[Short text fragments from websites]
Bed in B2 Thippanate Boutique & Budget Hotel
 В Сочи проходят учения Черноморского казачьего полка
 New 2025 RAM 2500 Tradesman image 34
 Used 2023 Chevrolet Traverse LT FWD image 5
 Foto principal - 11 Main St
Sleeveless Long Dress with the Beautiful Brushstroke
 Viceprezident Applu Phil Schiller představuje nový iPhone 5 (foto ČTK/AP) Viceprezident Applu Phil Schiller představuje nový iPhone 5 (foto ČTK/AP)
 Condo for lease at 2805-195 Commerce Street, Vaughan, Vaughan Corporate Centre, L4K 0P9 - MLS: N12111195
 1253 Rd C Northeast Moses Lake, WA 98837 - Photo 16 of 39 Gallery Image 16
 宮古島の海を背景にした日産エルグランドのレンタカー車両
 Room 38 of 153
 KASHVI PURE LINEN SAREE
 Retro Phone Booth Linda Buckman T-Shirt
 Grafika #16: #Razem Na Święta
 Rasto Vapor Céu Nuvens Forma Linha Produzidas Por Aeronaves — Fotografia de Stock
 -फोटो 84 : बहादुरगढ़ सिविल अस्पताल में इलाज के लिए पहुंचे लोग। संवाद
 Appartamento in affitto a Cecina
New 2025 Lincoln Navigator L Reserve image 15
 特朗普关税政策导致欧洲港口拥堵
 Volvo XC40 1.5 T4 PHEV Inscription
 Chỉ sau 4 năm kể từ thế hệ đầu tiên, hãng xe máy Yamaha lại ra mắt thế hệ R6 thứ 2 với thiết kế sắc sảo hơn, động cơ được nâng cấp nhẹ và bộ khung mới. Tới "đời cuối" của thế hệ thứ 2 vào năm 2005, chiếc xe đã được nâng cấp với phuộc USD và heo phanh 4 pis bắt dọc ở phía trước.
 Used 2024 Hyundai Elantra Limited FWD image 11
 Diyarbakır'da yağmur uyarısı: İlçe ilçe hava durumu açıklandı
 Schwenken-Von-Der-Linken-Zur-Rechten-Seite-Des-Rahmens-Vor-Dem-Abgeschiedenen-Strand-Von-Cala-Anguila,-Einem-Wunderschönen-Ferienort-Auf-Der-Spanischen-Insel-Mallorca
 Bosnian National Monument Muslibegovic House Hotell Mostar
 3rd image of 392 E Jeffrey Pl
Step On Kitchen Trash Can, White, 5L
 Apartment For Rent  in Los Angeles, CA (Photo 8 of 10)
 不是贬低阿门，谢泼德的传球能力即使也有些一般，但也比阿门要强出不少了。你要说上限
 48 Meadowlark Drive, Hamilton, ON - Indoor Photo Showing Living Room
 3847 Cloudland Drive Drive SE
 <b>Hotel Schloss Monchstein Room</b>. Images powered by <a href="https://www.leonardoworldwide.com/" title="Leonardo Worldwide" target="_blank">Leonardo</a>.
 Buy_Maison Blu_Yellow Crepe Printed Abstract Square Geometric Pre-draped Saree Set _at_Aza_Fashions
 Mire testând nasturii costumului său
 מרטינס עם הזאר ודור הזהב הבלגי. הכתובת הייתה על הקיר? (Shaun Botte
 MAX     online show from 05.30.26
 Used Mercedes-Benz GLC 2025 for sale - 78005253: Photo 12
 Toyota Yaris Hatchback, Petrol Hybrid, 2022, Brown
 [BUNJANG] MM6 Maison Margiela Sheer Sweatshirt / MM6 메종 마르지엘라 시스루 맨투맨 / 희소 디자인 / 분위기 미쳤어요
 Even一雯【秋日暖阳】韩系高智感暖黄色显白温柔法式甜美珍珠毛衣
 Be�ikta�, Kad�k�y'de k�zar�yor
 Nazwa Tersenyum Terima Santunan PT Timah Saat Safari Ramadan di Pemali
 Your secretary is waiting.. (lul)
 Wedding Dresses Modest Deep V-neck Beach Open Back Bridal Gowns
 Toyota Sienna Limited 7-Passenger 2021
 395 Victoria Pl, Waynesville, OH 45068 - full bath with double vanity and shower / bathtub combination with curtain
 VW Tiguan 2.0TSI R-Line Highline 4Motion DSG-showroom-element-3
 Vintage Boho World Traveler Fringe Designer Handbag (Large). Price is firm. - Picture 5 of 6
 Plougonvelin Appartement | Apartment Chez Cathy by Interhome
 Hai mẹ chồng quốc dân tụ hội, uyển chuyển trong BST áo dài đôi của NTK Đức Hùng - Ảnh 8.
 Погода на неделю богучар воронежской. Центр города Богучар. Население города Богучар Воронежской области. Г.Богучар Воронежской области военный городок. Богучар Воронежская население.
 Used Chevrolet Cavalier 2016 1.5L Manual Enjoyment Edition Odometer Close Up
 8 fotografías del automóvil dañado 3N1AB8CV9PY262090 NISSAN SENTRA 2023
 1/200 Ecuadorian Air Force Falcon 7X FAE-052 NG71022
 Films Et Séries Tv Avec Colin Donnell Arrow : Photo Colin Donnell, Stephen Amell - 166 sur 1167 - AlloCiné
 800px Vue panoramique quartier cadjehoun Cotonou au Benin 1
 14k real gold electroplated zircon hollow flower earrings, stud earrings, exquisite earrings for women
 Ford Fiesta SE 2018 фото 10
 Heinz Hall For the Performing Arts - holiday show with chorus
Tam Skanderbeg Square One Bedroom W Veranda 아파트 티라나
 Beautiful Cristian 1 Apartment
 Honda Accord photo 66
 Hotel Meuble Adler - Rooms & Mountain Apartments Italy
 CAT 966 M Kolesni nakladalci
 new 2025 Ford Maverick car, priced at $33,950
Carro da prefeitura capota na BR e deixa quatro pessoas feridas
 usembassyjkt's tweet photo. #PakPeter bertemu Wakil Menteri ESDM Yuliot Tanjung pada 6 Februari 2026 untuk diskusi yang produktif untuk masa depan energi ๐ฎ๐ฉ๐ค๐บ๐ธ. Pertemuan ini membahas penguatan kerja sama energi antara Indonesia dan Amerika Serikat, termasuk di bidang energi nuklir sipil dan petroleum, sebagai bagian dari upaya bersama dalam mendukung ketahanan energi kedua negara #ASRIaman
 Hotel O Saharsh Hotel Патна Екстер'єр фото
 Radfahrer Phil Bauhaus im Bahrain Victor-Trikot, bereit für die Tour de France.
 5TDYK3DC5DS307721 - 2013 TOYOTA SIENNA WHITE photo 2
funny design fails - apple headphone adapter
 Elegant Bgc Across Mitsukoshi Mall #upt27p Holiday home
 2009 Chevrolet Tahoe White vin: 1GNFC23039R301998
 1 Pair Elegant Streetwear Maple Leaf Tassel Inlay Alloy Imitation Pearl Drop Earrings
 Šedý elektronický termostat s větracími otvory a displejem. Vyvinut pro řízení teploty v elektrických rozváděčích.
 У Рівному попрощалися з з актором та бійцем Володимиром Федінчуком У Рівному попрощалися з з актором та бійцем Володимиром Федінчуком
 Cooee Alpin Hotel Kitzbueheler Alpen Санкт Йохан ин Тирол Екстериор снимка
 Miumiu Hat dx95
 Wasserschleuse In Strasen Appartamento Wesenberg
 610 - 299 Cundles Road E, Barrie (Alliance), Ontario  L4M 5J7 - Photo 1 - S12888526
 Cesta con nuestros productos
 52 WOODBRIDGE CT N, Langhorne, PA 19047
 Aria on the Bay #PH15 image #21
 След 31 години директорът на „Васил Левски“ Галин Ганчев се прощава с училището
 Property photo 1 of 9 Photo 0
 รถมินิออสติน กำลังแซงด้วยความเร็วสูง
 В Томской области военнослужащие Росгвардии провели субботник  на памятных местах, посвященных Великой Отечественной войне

▶ **Task requirements**
The answer should consist of all lines from the records above that hold the word "Used".

▶ **Worked solution**
 Used 2023 Chevrolet Traverse LT FWD image 5
 Used 2024 Hyundai Elantra Limited FWD image 11
 Used Mercedes-Benz GLC 2025 for sale - 78005253: Photo 12
 Used Chevrolet Cavalier 2016 1.5L Manual Enjoyment Edition Odometer Close Up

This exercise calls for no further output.